Несомненной особенностью московских культурных тенденций являлось стремление отказаться от местных сепаратистских стремлений, типичных для эпохи феодальной раздробленности, выдвинуть на их место идею общерусского единства. Конечно, эта идея выросла не сразу и не являлась только московским достоянием, но она получила особенное развитие именно в Москве. Видимым показателем этой идеи было составление общерусских летописных сводов, время появления которых относится к первой половине XV в. Далеко еще не все ясно в истории появления этих сводов, но одно несомненно: их существование. Общерусские летописные своды ставили своей задачей дать историю не одного какого—либо княжества, а всей Русской земли в целом и, надо сказать, разрешали эту задачу более или менее удачно в рамках летописных произведений и с их особой формой исторического повествования. В Москве возникла и первая попытка создать труд, посвященный общемировой истории, с включением в нее русских исторических событий. И хотя составление этого труда приписывается сербу Пахомию Логофету, общая тенденция «Хронографа» московская.

Таким образом, еще в период феодальной раздробленности именно в Москве зарождаются и крепнут тенденции общерусского единства, и они находят свое выражение в знаменитых словах, с которыми летописец обращается к своим соотечественникам в смутные дни нашествия Ахмата в 1480 г.: «О храбрии, мужествении сынове Рустии. Потщитеся сохранити свое отечество Русскую землю от поганых, не пощадите своих глав». Так московский автор вносит новую идею – идею общерусского патриотизма на смену местному, областному патриотизму москвичей, новгородцев или тверичей, умиравших за святую Софию, за святого Спаса или еще за какой—либо символ местной самостоятельности.

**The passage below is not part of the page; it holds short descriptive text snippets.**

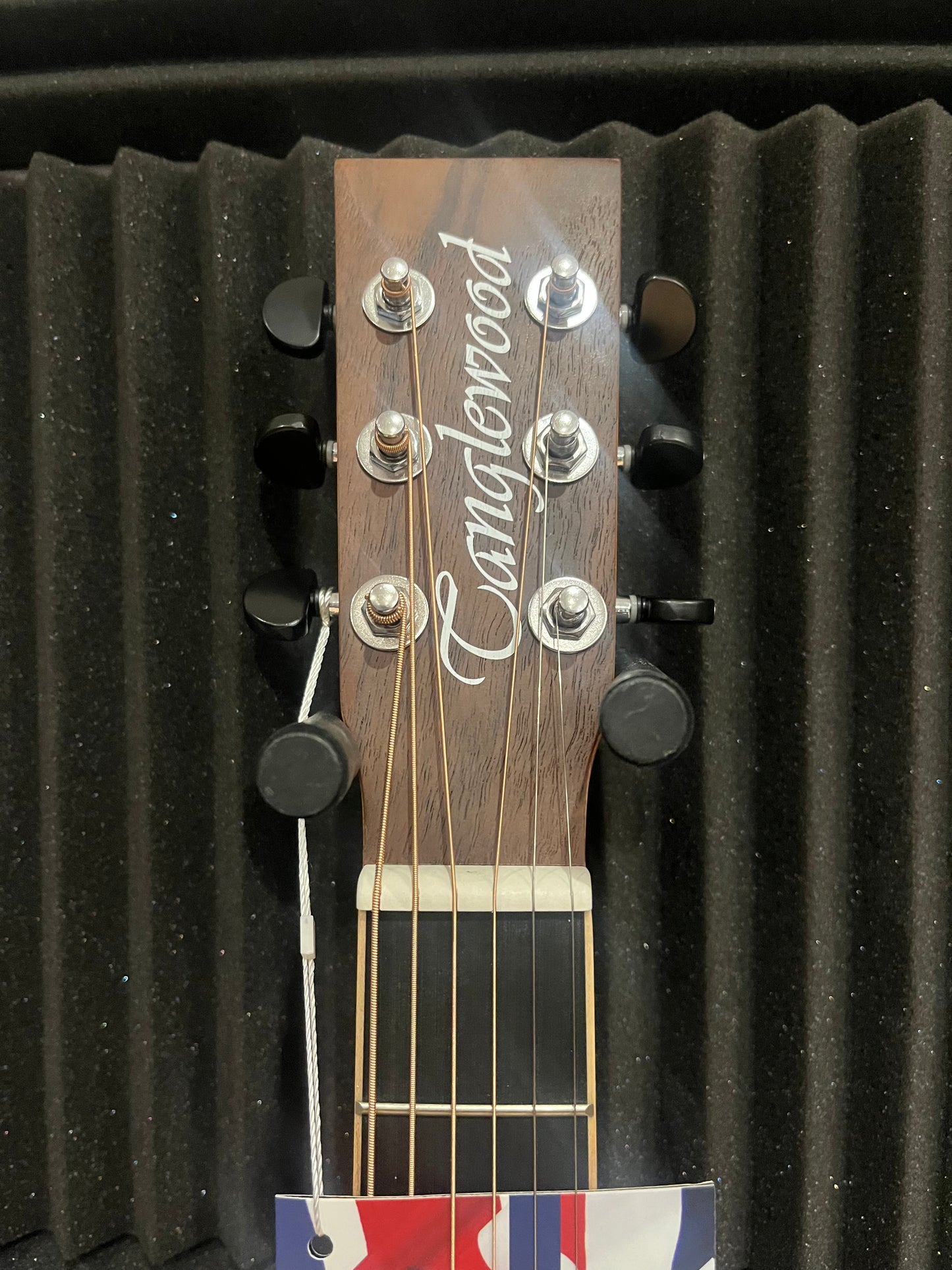 Tanglewood Discovery Series Electro Acoustic Guitar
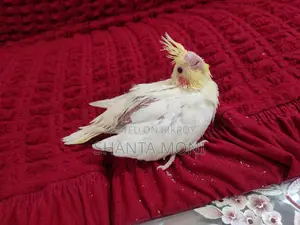 Cockatiel Bird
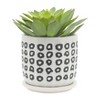 Okak Ceramic Planters with Polka Dot Design 5/6" Set of 2, White and Black for Indoor & Outdoor Use, Modern Home Decor - 3 of 4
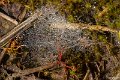 _DSC0581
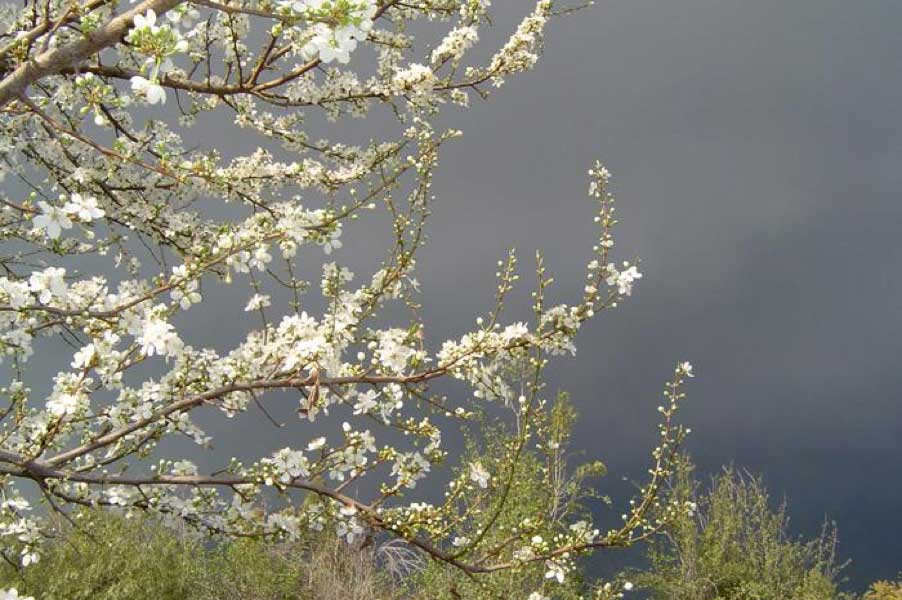 LABORES DE INVIERNO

Образование Русского государства создало новые предпосылки для развития русской культуры в целом и культуры Москвы в частности. Можно сказать без преувеличения, что вся русская культурная жизнь XVI–XVII вв. была тесно связана с Москвой как столицей и важнейшим центром русского народа. В эти столетия еще заметнее стало особое международное положение Москвы. Трудно было найти европейскую столицу, в которой так причудливо смешивалось бы самое пестрое население, где встречалось бы такое число представителей различных народов. Итальянцы, немцы, шведы, голландцы, англичане, поляки, венгры, румыны с Запада, сербы, болгары, греки, армяне, грузины и турки с Юга, татары, узбеки, персы с Востока были постоянными гостями нашей столицы. Эти связи с дальними странами нередко углублялись дипломатическими сношениями и обменом посольствами между московскими государями и иноземными властителями. Вот почему те культурные связи, которые Русское государство поддерживало и развивало в XVI в., были разносторонними и вовсе не укладываются в общую схему восточных или западных влияний, как это изображается в ряде наших исторических трудов.

В Западной Европе с пристальным вниманием следили за Русским государством. «Перечитывая твой тщательный труд о Московии, Иовий, я начал верить в иные миры Демокрита», – пишет один автор по поводу труда Павла Иовия Новокомского о Московском государстве начала XVI в. В этих характерных словах замечаем удивление образованных иностранцев, внезапно увидевших на востоке Европы большое государство со своеобразной вековой культурой, с которой они не были знакомы до того времени. Московское государство все больше привлекает к себе внимание, и уже в начале XVII в. француз де Ту посвящает ему особые страницы в своей всемирной истории.

При посредстве Русского государства ученые Западной Европы знакомятся с севером Европы и странами Сибири и Средней Азии. Герберштейн прямо говорит, что он свои сведения заимствовал из русского дорожника, «хотя в нем, по—видимому, и есть нечто баснословное и едва вероятное».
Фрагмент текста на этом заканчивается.